Posted by Jason Baldridge <ja...@gmail.com>.
What you want is an elementary discourse unit detector. Here's an example
paper that does this:

aclweb.org/anthology-new/N/N03/N03-1030.pdf

You could indeed do something like a sentence detector for this -- it's
just that it is less obvious where you need to make decisions.

Jason

On Fri, May 25, 2012 at 7:09 PM, Lance Norskog <go...@gmail.com> wrote:

> Right. I was thinking the Chunker against chunked text. Meta-chunking
> :) The chunker is designed for a small vocabulary while NER is
> designed for a large vocabulary.

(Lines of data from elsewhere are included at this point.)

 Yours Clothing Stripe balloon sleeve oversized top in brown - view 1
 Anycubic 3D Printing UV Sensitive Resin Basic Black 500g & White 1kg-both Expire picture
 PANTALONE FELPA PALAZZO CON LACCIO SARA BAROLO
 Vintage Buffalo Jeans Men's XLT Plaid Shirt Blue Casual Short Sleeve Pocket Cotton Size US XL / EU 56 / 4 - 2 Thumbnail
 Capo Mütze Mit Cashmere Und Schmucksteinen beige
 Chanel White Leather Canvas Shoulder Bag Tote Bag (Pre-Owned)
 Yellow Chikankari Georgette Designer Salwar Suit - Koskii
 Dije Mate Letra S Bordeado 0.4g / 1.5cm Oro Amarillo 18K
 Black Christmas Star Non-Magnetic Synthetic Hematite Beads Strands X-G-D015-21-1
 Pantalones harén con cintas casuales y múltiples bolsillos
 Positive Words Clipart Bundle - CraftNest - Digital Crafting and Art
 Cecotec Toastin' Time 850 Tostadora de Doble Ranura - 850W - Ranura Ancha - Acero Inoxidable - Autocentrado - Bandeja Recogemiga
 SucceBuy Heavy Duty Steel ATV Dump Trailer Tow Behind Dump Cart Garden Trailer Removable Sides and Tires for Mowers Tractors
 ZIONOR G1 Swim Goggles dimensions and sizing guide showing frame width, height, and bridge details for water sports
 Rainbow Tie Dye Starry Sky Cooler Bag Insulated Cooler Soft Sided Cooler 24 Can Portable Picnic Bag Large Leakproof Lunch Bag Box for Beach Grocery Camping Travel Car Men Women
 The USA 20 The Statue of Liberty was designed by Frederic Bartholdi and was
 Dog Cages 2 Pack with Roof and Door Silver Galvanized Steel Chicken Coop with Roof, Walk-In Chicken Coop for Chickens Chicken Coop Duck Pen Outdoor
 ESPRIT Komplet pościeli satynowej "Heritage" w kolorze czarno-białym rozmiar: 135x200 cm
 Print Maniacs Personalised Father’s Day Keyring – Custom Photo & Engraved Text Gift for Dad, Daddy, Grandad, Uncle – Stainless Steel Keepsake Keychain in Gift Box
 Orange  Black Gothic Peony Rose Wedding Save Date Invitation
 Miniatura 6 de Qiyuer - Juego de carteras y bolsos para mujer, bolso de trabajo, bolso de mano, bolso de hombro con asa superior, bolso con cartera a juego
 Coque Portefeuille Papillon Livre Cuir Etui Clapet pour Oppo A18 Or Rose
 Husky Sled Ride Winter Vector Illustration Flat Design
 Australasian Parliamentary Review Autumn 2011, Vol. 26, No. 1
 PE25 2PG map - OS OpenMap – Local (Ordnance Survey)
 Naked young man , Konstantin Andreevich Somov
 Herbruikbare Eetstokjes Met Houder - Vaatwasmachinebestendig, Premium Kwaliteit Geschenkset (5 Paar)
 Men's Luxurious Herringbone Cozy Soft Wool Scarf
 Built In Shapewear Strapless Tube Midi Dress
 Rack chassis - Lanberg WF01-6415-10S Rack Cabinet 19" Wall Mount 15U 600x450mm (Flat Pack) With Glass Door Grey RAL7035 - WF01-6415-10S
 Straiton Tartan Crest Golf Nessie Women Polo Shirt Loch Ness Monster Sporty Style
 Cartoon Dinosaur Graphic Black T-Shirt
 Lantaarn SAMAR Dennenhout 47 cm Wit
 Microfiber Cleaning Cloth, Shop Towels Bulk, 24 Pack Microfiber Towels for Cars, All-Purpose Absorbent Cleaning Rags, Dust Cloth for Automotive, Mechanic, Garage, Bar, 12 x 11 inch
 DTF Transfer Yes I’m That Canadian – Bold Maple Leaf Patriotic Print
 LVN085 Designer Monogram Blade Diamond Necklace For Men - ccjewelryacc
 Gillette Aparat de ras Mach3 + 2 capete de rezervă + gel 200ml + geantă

The Chunker is really slow,
> meta-chunking I'm sure slower. Maybe the sentence parser?
>
> The application does not have to be all that correct. If the tree
> parse (A(B(C),D) where these are clauses in order, CD would be fine.
> Overlapping sub-sentences is the goal.
>
> On Wed, May 23, 2012 at 12:04 AM, Svetoslav Marinov
> <sv...@findwise.com> wrote:
> > Take the longest NP chunks? There are NP chunker models for English.
> > The results from the English NP chunker are quite granular so maybe the
> > length (about 30 words) should steer this.
> >
> > Alternatively, you can use the parser and get the longest Nps there as
> > well which are children of a VP. Maybe also start with the very basic NP
> > VP NP construction from the parse tree. This should, hopefully, give
> > meaningful clauses.
> >
> > And then, probably a weird idea is to mimic a NER system. Just use the
> > input from a POS tagger in connection with a RegEx NER finder. Your regex
> > will work on POS sequences (e.g. DT JJ* NP).
> >
> > Hope this helps.
> >
> > Best,
> >
> > Svetoslav
> >
> >
> > On 2012-05-23 05:29, "Lance Norskog" <go...@gmail.com> wrote:
> >
> >>I would like to take a long sentence, let's say 30 words, and find
> >>clauses maybe 10-20 words long that are somewhat self-contained blocks
> >>of text; complete sentences or nearly. These clauses can be
> >>overlapping. What is a good way to use OpenNLP's tools?
> >>
> >>The application is for document summarization via LSA. This technique
> >>needs to operate on coherent statements rather than very long
> >>sentences. Some of my test data is riddled with 30-50-word sentences,
> >>and they have overlapping clauses which are coherent statements of the
> >>document themes.
> >>
> >>--
> >>Lance Norskog
> >>goksron@gmail.com
> >>
> >
> >
>
>
>
> --
> Lance Norskog
> goksron@gmail.com
>



-- 
Jason Baldridge
Associate Professor, Department of Linguistics
The University of Texas at Austin
http://www.jasonbaldridge.com
http://twitter.com/jasonbaldridge

Re: Finding large parts of large sentences

Posted by Lance Norskog <go...@gmail.com>.
Right. I was thinking the Chunker against chunked text. Meta-chunking
:) The chunker is designed for a small vocabulary while NER is
designed for a large vocabulary. The Chunker is really slow,
meta-chunking I'm sure slower. Maybe the sentence parser?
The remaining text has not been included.